REVIEW – Toby Hay: ‘Guitar I (The Stairwell Sessions)’ EP, 2012 (“a sense of placement and location”)

12 Jan
Toby Hay: 'Guitar I (The Stairwell Sessions)' EP

Toby Hay: ‘Guitar I (The Stairwell Sessions)’ EP

In a faithless world (in my own faithless world, anyway) one of the few things that can substitute for a religious experience is finding a place where sound can be transfigured. This could be as simple as a random encounter with a naturally-shaped space that has a whisper, or as calculated as deliberately finding somewhere in a newer concrete structure where the right note in a scale suddenly booms like amplified doo-wop. It might explain why there’s a primal pleasure about singing in the shower – that embrace of the feeling that you’re in the right location for the ritual of sound to run its course.

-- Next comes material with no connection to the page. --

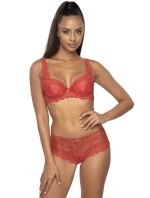 Mat 053/22 Carmela farba: tehlová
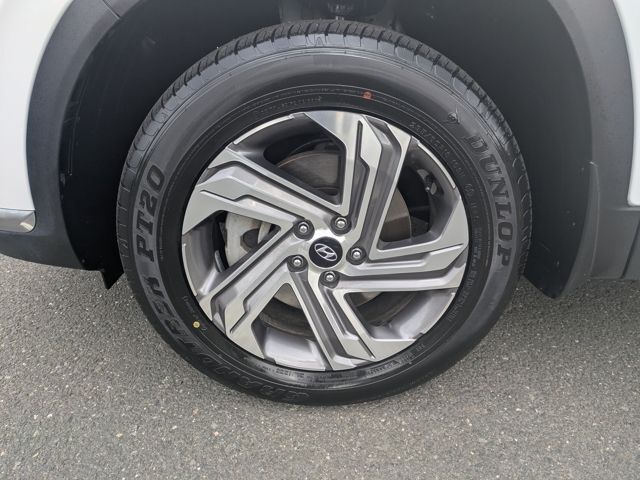 2023 Hyundai Santa Fe SEL North Attleboro MA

Toby Hay (the brother of Tomorrow We Sail’s Tim Hay) made full use of this feeling when recording this debut EP of acoustic guitar. It helped that Tim’s own stairwell, at home in Leeds, provided the ideal sound. One evening – while Tim, all ears, manned the console – Toby sat down on the stairs and recorded then and there. Still only 21, his guitar technique is already fully formed and his playing strikingly visual (it’s hardly surprising to find that he also works as a filmmaker). That sense of placement and location stretches further than his choice of where to sit down and hear the natural reverb, and into the fabric of his music.

The inspirations are immediately recognisable. A fingerstyle player, Toby’s music is firmly in the ornate British folk-baroque approach, continuing a line begun by Davy Graham, Bert Jansch and Martin Carthy in the ’60s and continued, over the years, by players including Michael Hedges and Martin Simpson. The EP aligns Toby’s own compositions alongside his variations on and extrapolations of standards, to the point where only the familiarity of a tune separates them.

For Variations On O’Carolans’ Dream, Toby immerses himself in the world of Irish baroque harp music, reworked through the guitar. While here he’s following in the footsteps of the likes of Duck Baker, his performance is confident, revelling in the guitar sonorities which add spice to the transposition. His thumbwork in the bass is strong – especially in the second section, where he chops toothily into the bassline – and the riffling harp-like flourishes which he brings to his fingerwork offer something back to the original. By the third section, the baroque structures have melded seamlessly with an Indian-inflected pulsealong.

As you might have guessed from the title, And We’ll Take A Cup Of Kindness Yet is Toby’s extrapolation of Auld Lang Syne. In some respects it’s the most straightforward piece on the EP, travelling from a sleepy, breezy statement of the original melody before running away into double-time. From its start as a song of sitting down, drinking and remembering, it’s transmuted into a fast-flowing travelling piece, heavy on the double-stopping and the thumbing of bass notes, before slowing again into a classical inspired study which doesn’t so much recapitulate the original tune as revive it.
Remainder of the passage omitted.